16061 entries, 14144 authors and 1947 subjects. Updated: December 10, 2024

FREDERICK II, Holy Roman Emperor

2 entries
  • 7117

Reliqua librorum Friderici II. Imperatoris, De arte venandi cum avibus, cum Manfredi Regis additionibus. Ex membranis vetustis nunc primum edita. Albertus Magnus De falconibus, asturibus, & accipitribus.

Augsburg: apud Joannem Preatorium, 1596.

Books I-II of De arte venandi cum avibus, edited by Marcus Welser from a very old, incomplete defective manuscript, which lacked Books III-IV. More than a dissertation on hunting, this work is considered the first zoological treatise written in the critical spirt of modern science, centuries before the scientific revolution. Besides the most detailed exposition of the method of hunting with falcons, the work concerns the anatomy of birds, a description of avian habits, and the excursion of migratory birds. Written during the 1240s by Frederick II, Holy Roman Emperor, who was also an accomplished linguist and scholar, the original manuscript was lost in 1248 at the siege of Parma.

Manuscripts of De arte venandi cum avibus exist in a two-book version at Rome, Vienna, Paris (2x), Geneva and Stuttgart, and in a six-book version at Bologna, Paris, Nantes, Valencia, Rennes, and Oxford. The most famous is an illuminated manuscript commissioned by Manfred, son of Frederick II: a two-column parchment codex of 111 folios ( Vatican, MS. Pal. Lat. 1071). This manuscript of the two book version and is illustrated with brilliantly colored, extraordinarily lifelike, accurate and minute images of birds, their attendants, and the instruments of the art. The manuscript also contains additions made by Manfred, which are all clearly marked in the beginning by notations such as "Rex", "Rex Manfredus" or "addidit Rex".

Facsimile edition of the manuscript: Graz, Austria: Akademische Druck-u.

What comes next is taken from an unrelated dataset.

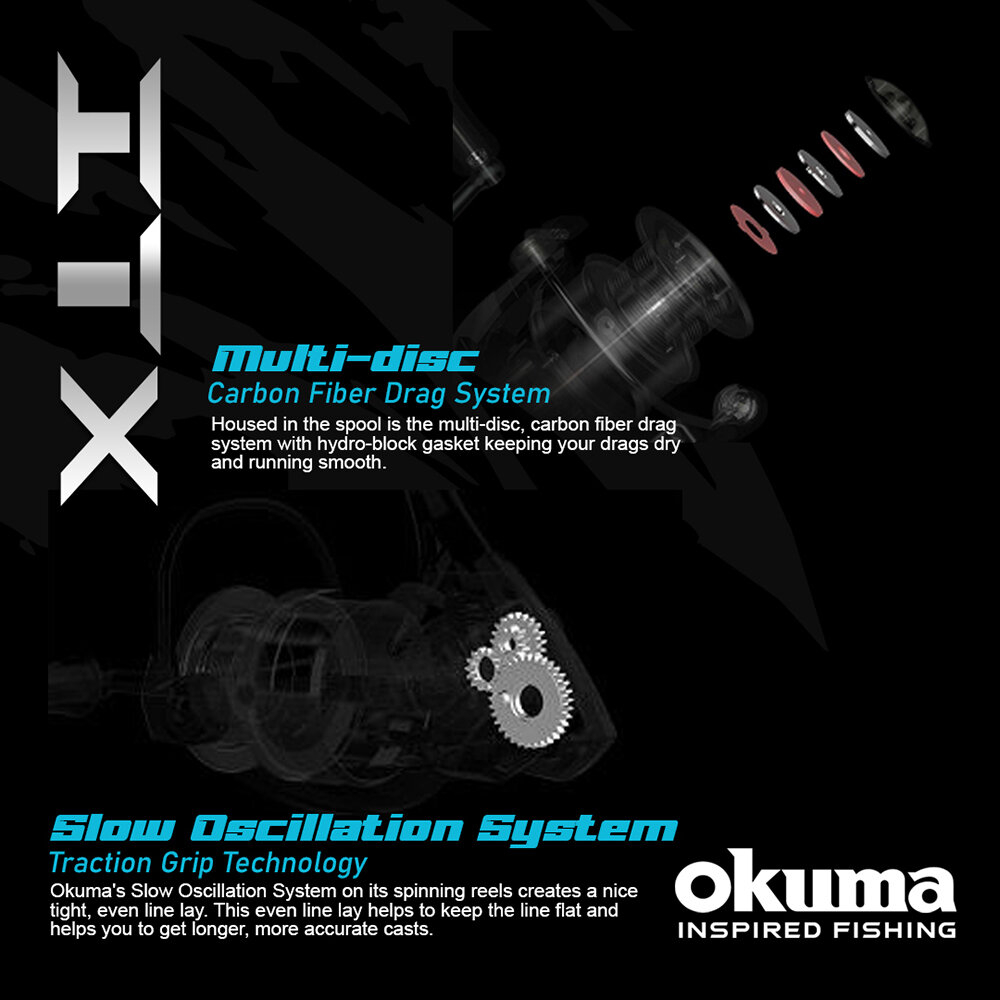 Okuma ITX Spinning Fishing Reel High Speed Max Drag 3-10kg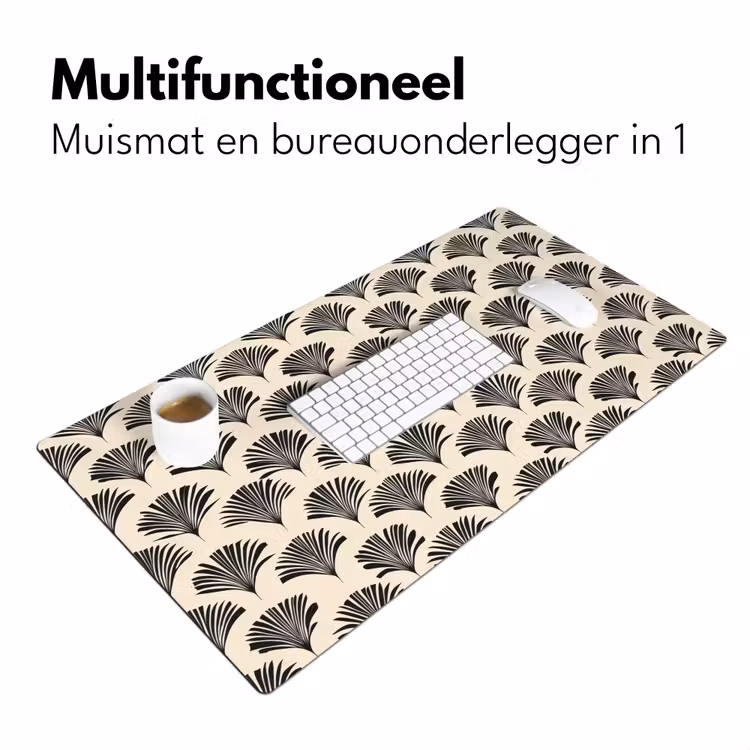 Bureau onderlegger - Waaiers - Botanisch - Zwart - Beige — 7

Verlagsanstalt, 1969.  Digital facsimile of the 1596 edition from Google Books at this link

 



Subjects: Medieval Zoology, ZOOLOGY › Ornithology
  • 9352

The art of falconry, being the De arte venandi cum avibus of Frederick II of Hohenstaufen.

Stanford, CA: Stanford University Press, 1943.

English translation of the six-book version of Frederick's work, edited, with numerous appendices, illustrations, and an annotated bibliography of ancient, medieval and modern falconry, by Casey A. Wood and F. Marjorie Fyfe.